牧云很诧异母亲为何突然收敛了笑容,这样严肃地和自己说话,也连忙坐起身来,一本正经地听着。“您有什么教诲,女儿一定牢记于心。”
“第一,美貌虽然是女人最有力的武器,却不是万能的,如果美貌的女人没有聪明玲珑的心肝,多半要死得比任何人都惨。依仗美色而肆无忌惮,毫无警惕,是最大的取祸之道;第二,世上最不能轻易相信的,就是男人的承诺。
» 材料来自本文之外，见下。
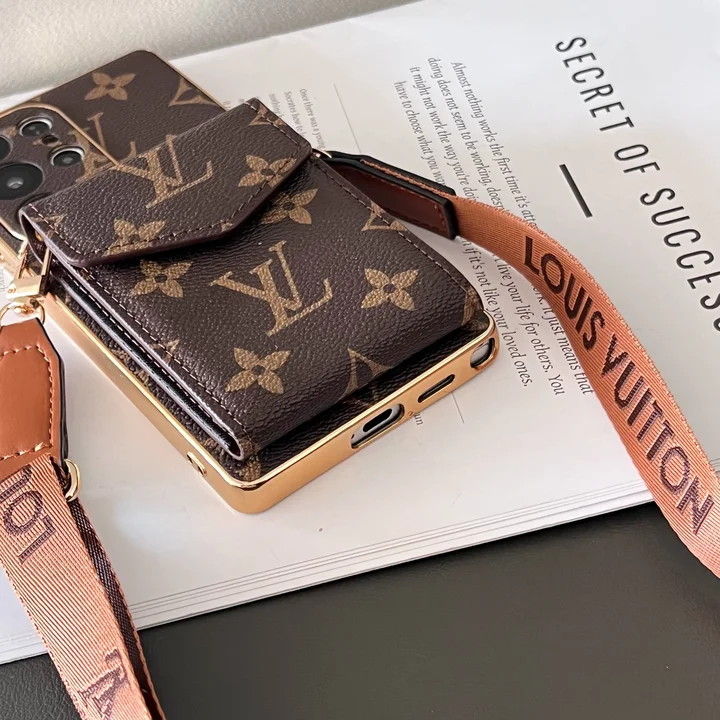 LV S25Plus スマホカバー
他们说得越是动听,就越是能把你骗得晕头转向,恨不得把心肝都挖给他们。这样的后果,是你想象不到的可怕;第三,就是要懂得进退,见好就收,不要逼人太紧,也不可凡事强求。有些时候,退一步海阔天空,懂得忍耐,不争一时之气,才是安身立命的关键;第四,世间最重要的不是财富,地位这些身外之物,而是自己的性命。只有活着,才有机会享受这些东西,如果死了,就什么都没有了。所以无论如何,都要想方设法地保住自己的性命,让自己活着。”
面对母亲语重心长的教导,她听懂了大半,却还有一些地方琢磨不透彻。半晌,她有些迷茫地问道:“家家,女儿像是听懂了,可又不能完全明白,您能讲得更详细些吗?”
“那你能记住吗?”
“能记住。”说着,牧云就把母亲刚才讲过的话大致地复述了一遍,除了个别语句不是完整之外,意思是完全正确了。
皇后点点头,说道:“记住了就好,有些事情你现在还小,想不明白,过两年等你长大了嫁人了,就慢慢地明白了。”
说罢,就掀开被子,垫好枕头,让她躺下睡觉。她很听话地闭了眼睛,过了一阵子,渐渐发出了均匀而绵长的呼吸声。皇后轻轻地呼唤了她两声,她还在呼呼着,确定她睡着了,皇后才长长地叹息一声,湿润着眼眶去了。
天蒙蒙亮的时候,牧云被周围嘈杂的声音惊醒了,远远地听到院子里有急促而凌乱的脚步声。紧接着,屋门“吱呀”一声打开了,一个服侍她好几年的贴身宫女头发散乱,一脸惊慌之色地冲进卧房。还没等她发问,就径直上前掀开被子,将她从被窝里抱了出来,随手扯过一件外衣给她胡乱套上。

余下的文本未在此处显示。